Graham as counselor to the presidents, evangelical leader, and technological innovator

Of course American historians look at Billy Graham, and they see him not only as the paragon of American evangelism, but they also see him as the counselor to presidents, raising very interesting issues about the relationship between church and state, and Christianity and politics. Beginning with President Harry Truman, Billy Graham had visited and basically become a confidante of almost every American president. His encounter with President Truman was by his own reflective estimation not a complete success. After meeting with the president, he spoke outside to reporters and he spoke of his conversation with the president. That was considered to be entirely out of bounds, ending up with Harry Truman very offended by the comments that Billy Graham had made, not so much by what he said but that he spoke at all about their meeting in confidence in the Oval Office.

Thereafter, Billy Graham was very careful to be circumspect about his conversation with presidents, but it can be argued that the presidents were thereafter a good deal less circumspect about their conversations with Doctor Graham. It is now known that Doctor Graham had been very close to two presidents in particular, and they are two of the most morally complex presidents in the nation’s history. One after the other, Billy Graham had become an essential confidante to President Lyndon Baines Johnson, and to President Richard Milhous Nixon. Both of them of course have a very mixed verdict in history, and the relationship with both of them became very complex for Billy Graham. But the important thing to recognize is that American presidents, Democrats and Republicans, one after another all the way from Harry Truman to President Barack Obama, understood that it was to their political advantage to be seen as being a friend to Billy Graham.

I state that because at our current moment it points to the difference that is represented by the displacement of American evangelicalism. Back during that period, say from 1949 to the end of Doctor Graham’s active crusades, there was no question that American evangelicalism was moving further into the mainstream of American culture, but by the time you get to the year 2018, the year of Doctor Graham’s death, it is abundantly clear that that mainstream culture is becoming more and more resistant to biblically-based evangelical Christianity. It’s also interesting to consider what we learn by looking at the life and ministry of Billy Graham as we think about the changing theological scene in the United States.

Back when Billy Graham began his crusade, he was largely dismissed by mainline Protestantism. By the time you get to the New York Crusade in 1957, the towering figure of mainline Protestant theology, Reinhold Niebuhr of Union Theological Seminary in New York City, dismissed him out of hand. Niebuhr argued that Billy Graham preached an overly simplistic gospel. Billy Graham’s response was if you looked in the New Testament, the Gospel is very simple. It is simple enough for every sinner to understand, and Billy Graham understood his responsibility not to make the Gospel more complex but rather to make that simple gospel present into the lives of people who would hear; and hearing, would believe; and believing, would be saved.

But part of what made mainline Protestants so resistant to Billy Graham was also their accusation that he had made himself effectively a pioneer in the religious use of technology.

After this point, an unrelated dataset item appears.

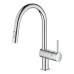 Mixer Tap Single Lever Pull Out Spray C-Spout Grohe Vento Polished chrome Grohe model 30 438 000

Billy Graham was promoted by newspapers, he quickly seized upon the medium of radio, but he more than any other major Christian leader in the United States understood the opportunity that was represented by the new technology of television. In one sense you could almost say that Billy Graham was made for television, and television was made for Billy Graham. More than any other Christian leader, he understood that the future was then in television and he used it in order to multiply his ministry.

Of course, one of the things you learn in retrospect is that those Protestant liberals who had criticized him for using the technology, later albeit very disastrously, tried to do the same thing. But Billy Graham was also criticized by the Protestant Right, by the fundamentalists who believed that he had left them, in his engagement with the larger culture and his use of many of the techniques of modern evangelism, but also many who noted the fact that when Billy Graham went to New York City in 1957, on the platform as sponsoring and affirming pastors were not only those who represented Orthodox Christianity, but some who represented some of those very liberal denominations.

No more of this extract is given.